WHAT IS EXPECTED – Repeat exactly the line that contains "Soleil At Fontainebleau, 9731" and every line after it, down to the last line of the entries below. Do not include pictures.

[Captioned web image data]
--

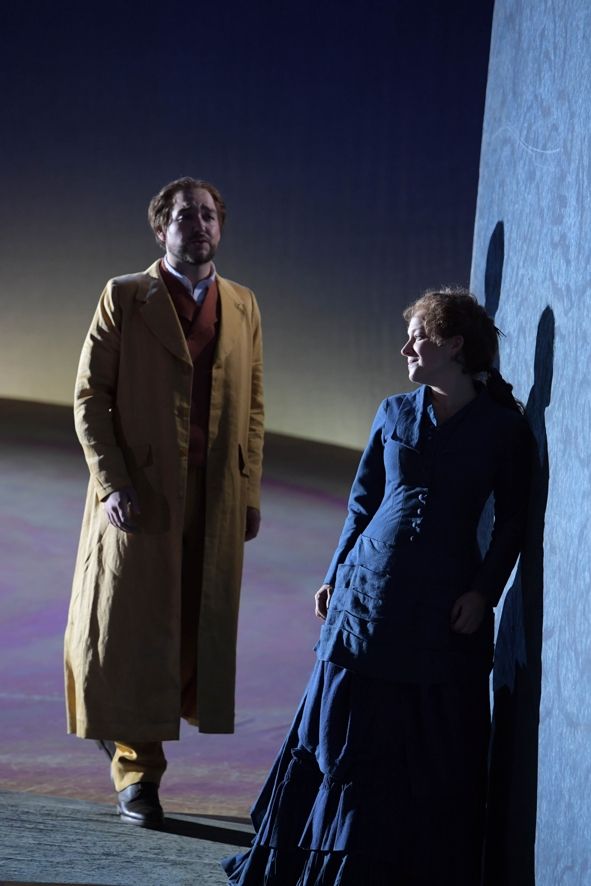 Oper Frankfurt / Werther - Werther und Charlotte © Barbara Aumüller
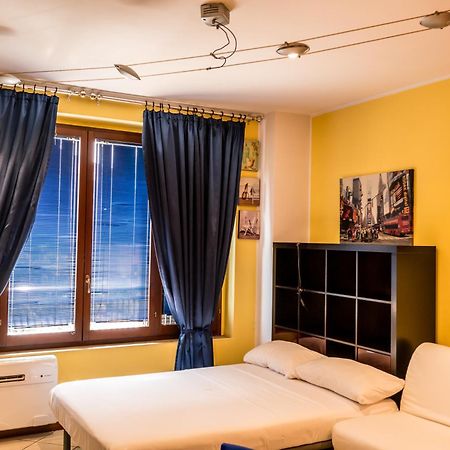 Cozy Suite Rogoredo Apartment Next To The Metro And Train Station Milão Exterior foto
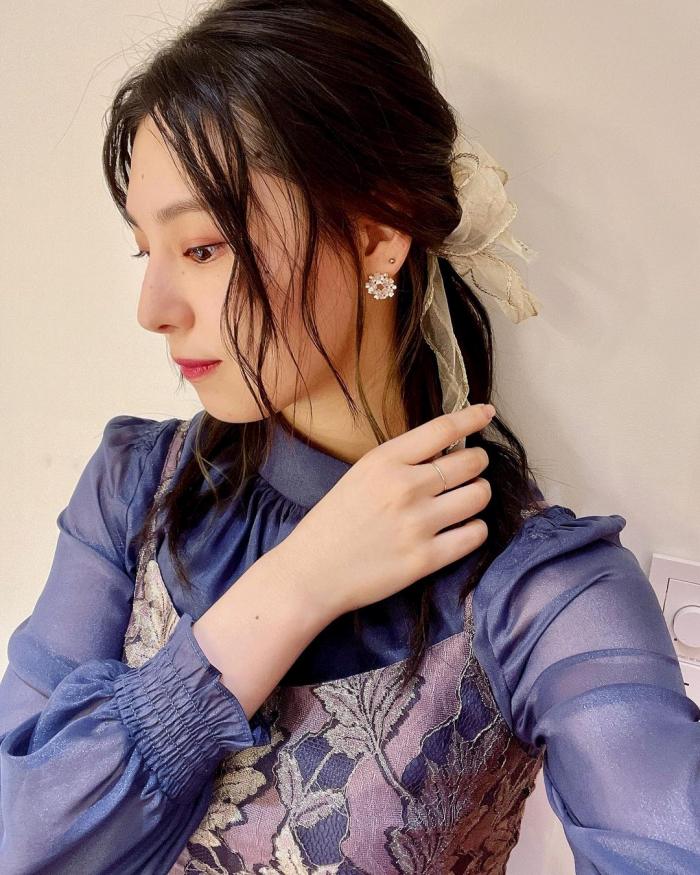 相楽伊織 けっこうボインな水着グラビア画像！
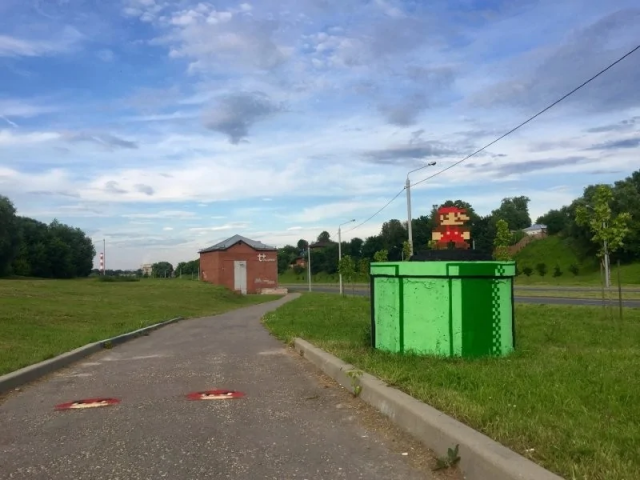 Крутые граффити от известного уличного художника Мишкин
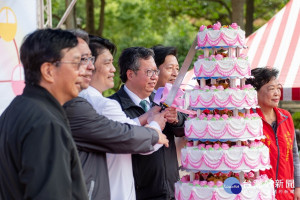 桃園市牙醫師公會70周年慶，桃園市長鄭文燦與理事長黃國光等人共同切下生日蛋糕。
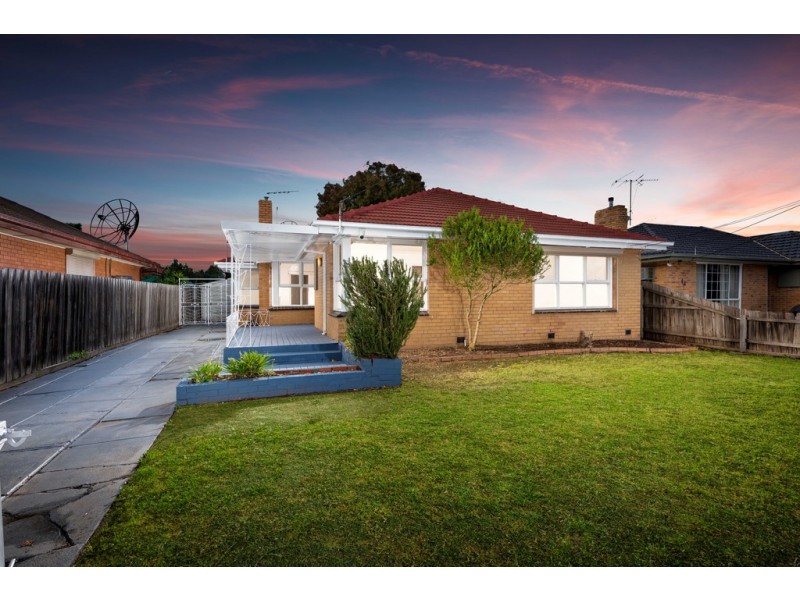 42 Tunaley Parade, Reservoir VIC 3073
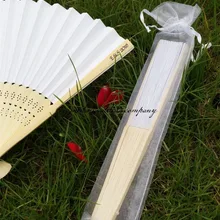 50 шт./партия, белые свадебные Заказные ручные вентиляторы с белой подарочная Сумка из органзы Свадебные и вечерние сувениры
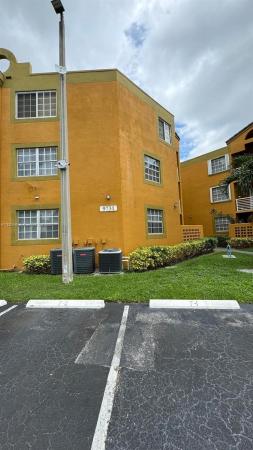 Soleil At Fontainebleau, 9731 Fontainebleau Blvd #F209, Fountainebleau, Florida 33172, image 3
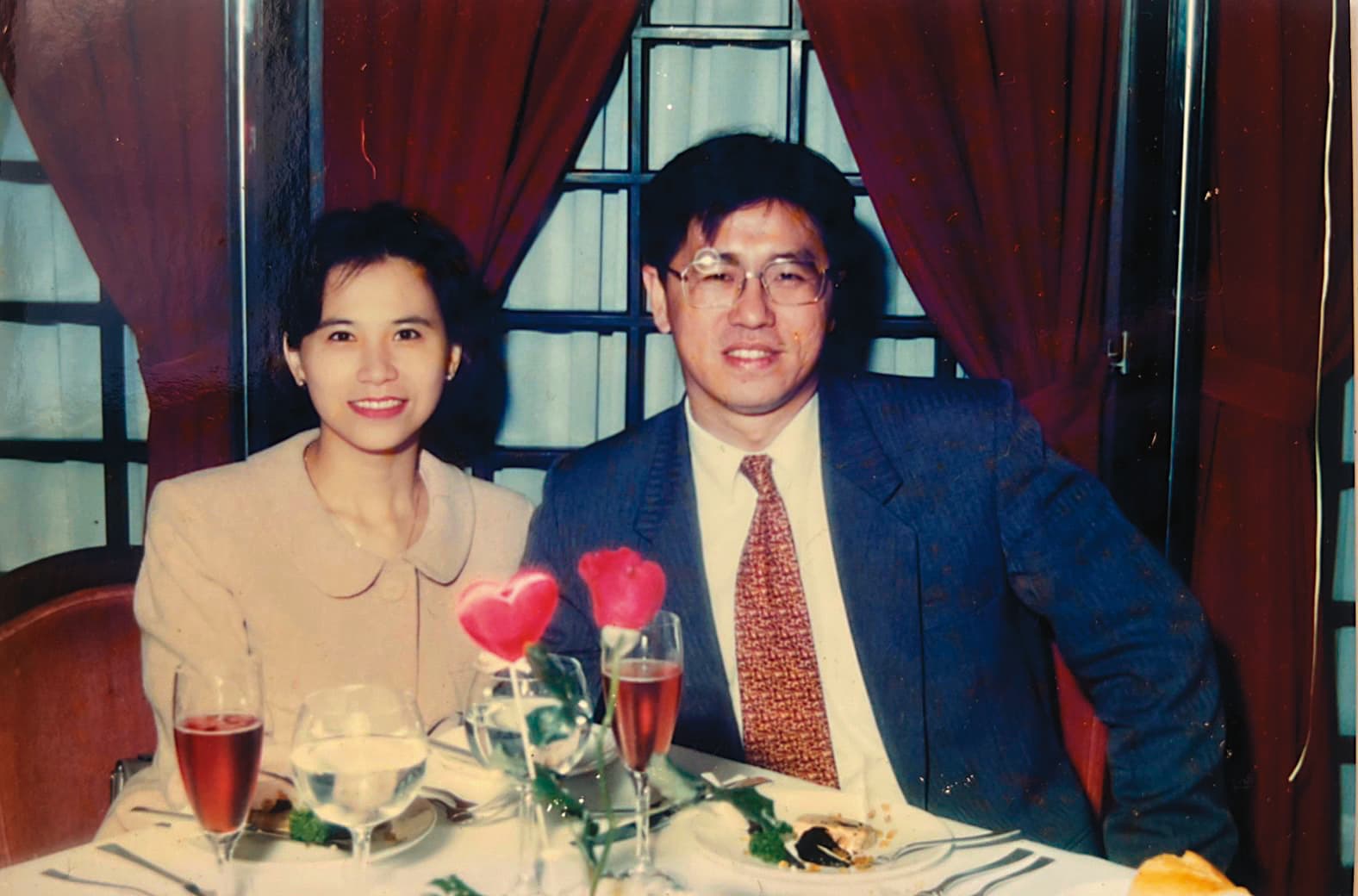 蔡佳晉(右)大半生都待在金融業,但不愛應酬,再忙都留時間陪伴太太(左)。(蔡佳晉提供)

--

EXERCISE RESPONSE –
 Soleil At Fontainebleau, 9731 Fontainebleau Blvd #F209, Fountainebleau, Florida 33172, image 3
 蔡佳晉(右)大半生都待在金融業,但不愛應酬,再忙都留時間陪伴太太(左)。(蔡佳晉提供)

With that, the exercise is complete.